EXCERPTED RECORDS:

Start of Block

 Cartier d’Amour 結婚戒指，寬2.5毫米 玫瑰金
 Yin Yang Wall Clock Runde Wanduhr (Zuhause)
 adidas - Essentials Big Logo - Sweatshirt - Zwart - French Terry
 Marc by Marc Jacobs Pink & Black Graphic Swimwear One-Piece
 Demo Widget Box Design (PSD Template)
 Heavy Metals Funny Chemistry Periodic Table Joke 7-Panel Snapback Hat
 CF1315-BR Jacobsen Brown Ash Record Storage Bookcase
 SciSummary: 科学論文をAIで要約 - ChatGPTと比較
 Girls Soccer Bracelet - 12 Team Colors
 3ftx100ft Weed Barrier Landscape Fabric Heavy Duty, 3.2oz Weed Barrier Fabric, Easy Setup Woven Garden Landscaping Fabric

End of Block
Start of Block

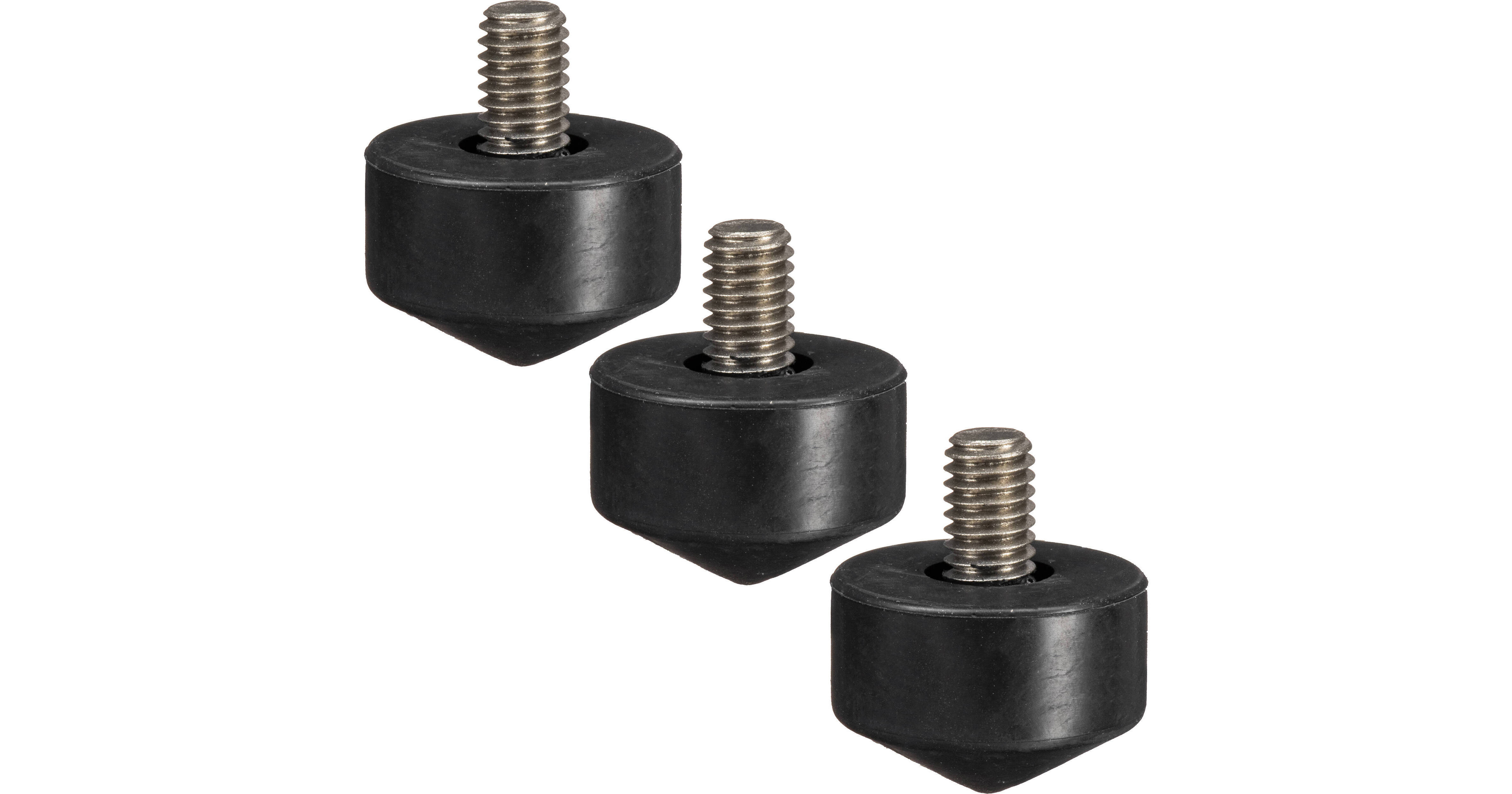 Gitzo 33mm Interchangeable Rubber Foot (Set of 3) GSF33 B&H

End of Block
Start of Block

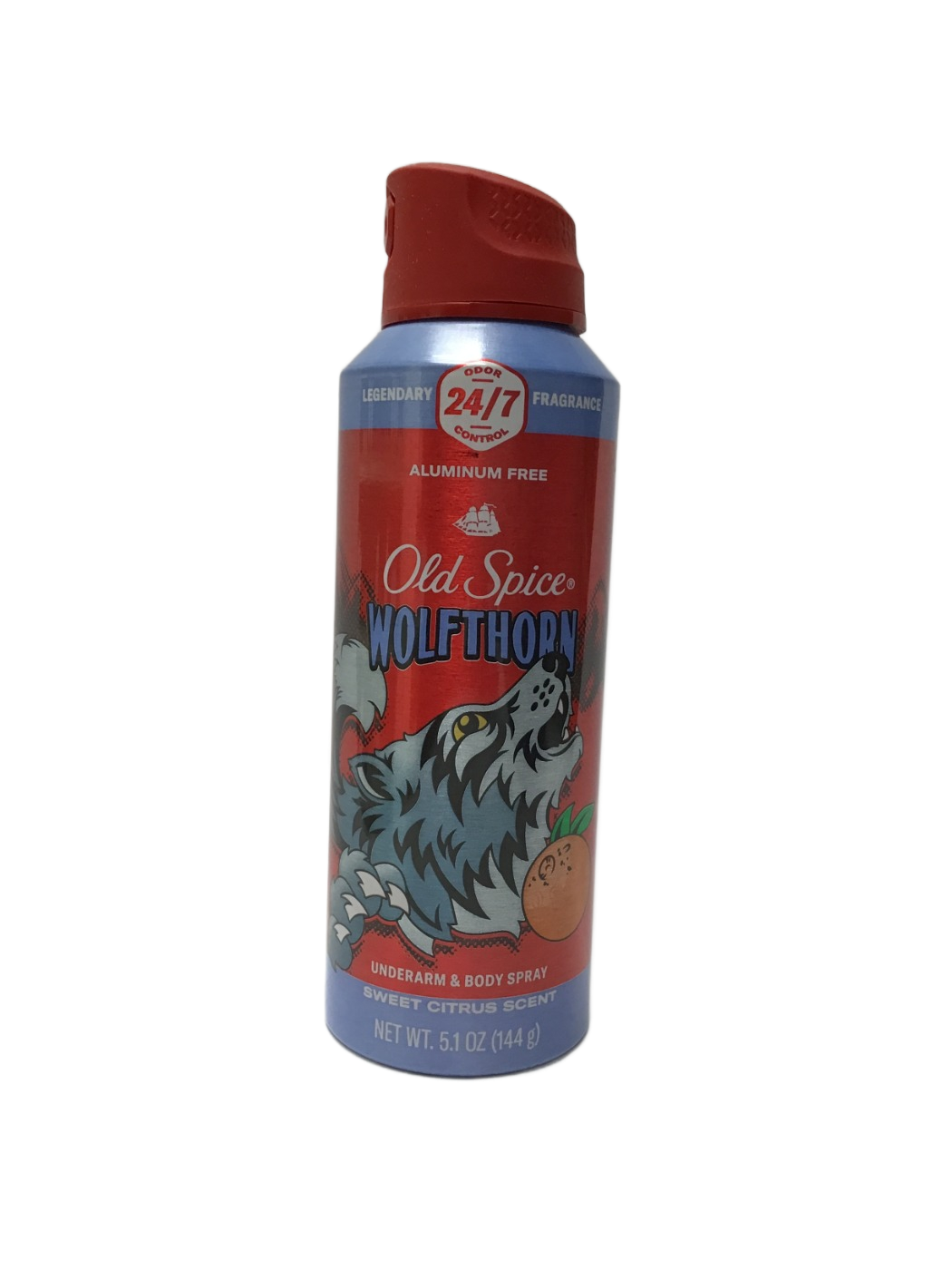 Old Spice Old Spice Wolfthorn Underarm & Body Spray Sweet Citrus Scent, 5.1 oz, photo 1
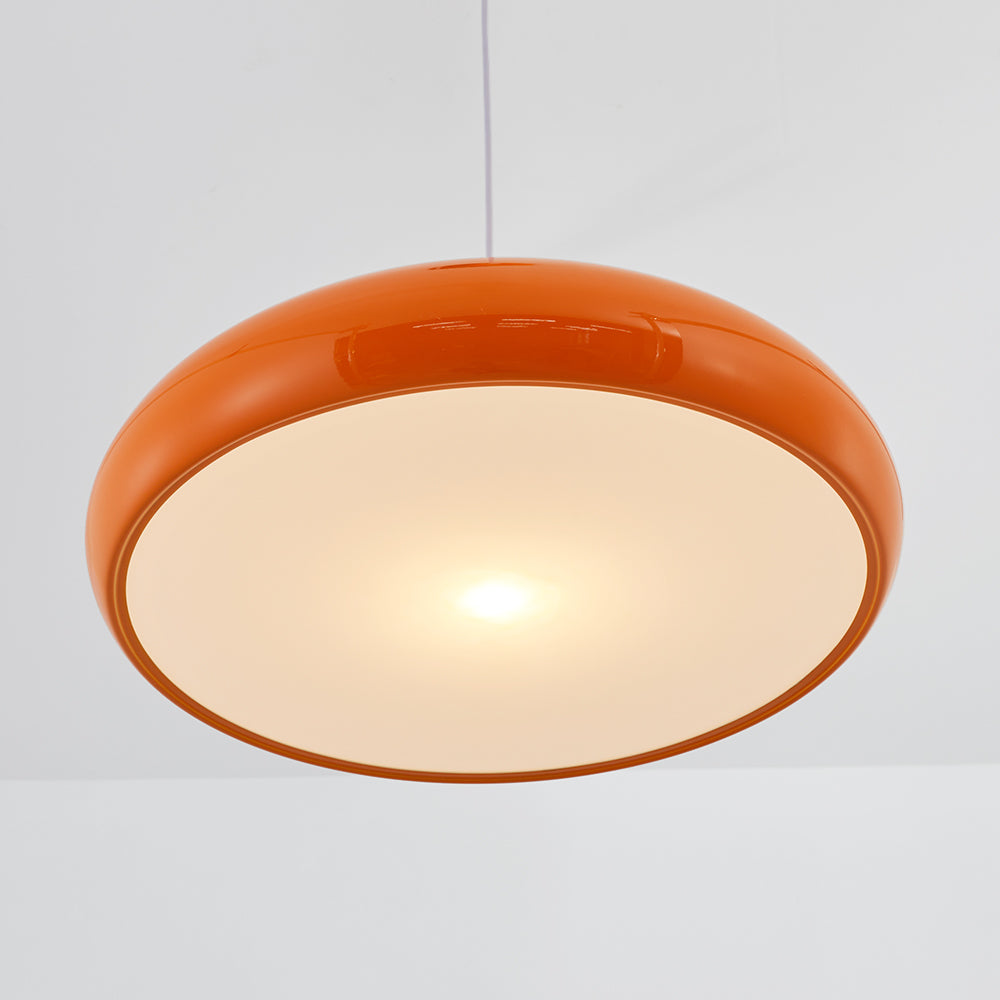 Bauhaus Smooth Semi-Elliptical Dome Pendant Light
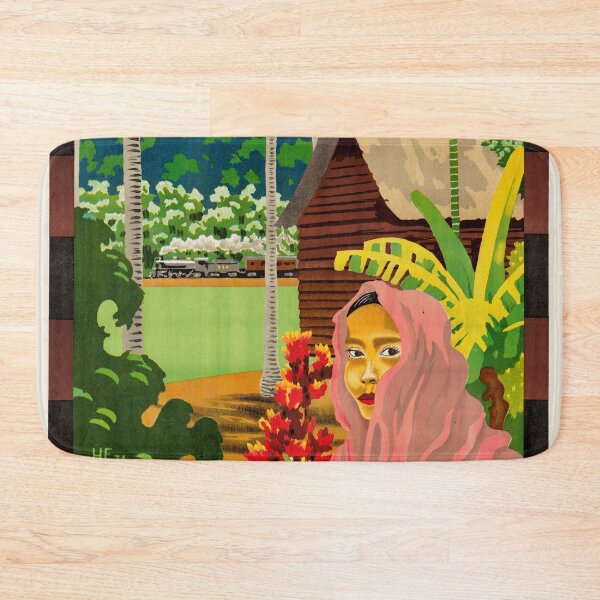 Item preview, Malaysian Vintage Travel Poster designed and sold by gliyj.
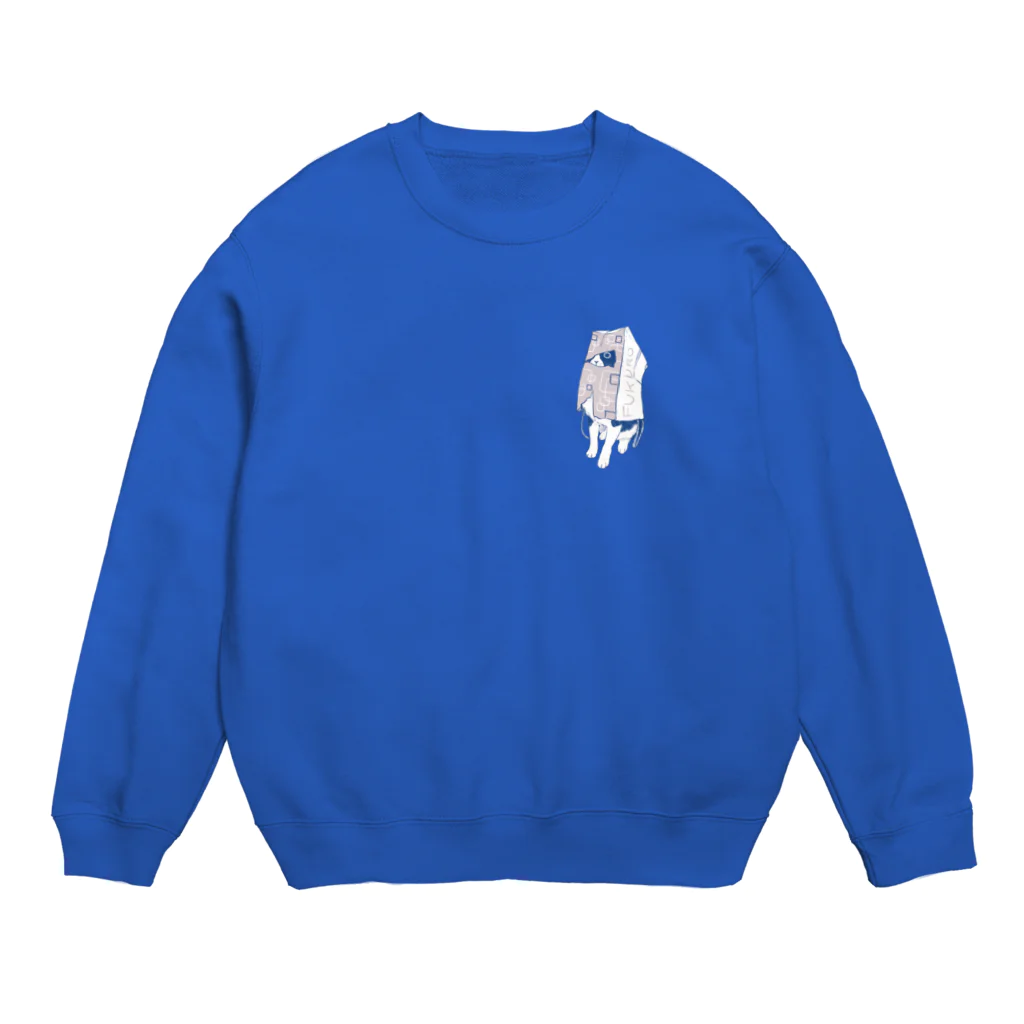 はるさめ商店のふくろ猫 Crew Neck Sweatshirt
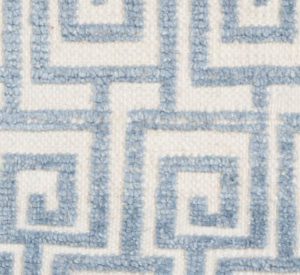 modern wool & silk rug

End of Block

Looking above, find the stretch of lines that opens with the one holding "Item preview, Malaysian" and closes with the one holding "modern wool & silk rug". Copy it exactly, pictures excluded.

 Item preview, Malaysian Vintage Travel Poster designed and sold by gliyj.
 はるさめ商店のふくろ猫 Crew Neck Sweatshirt
 modern wool & silk rug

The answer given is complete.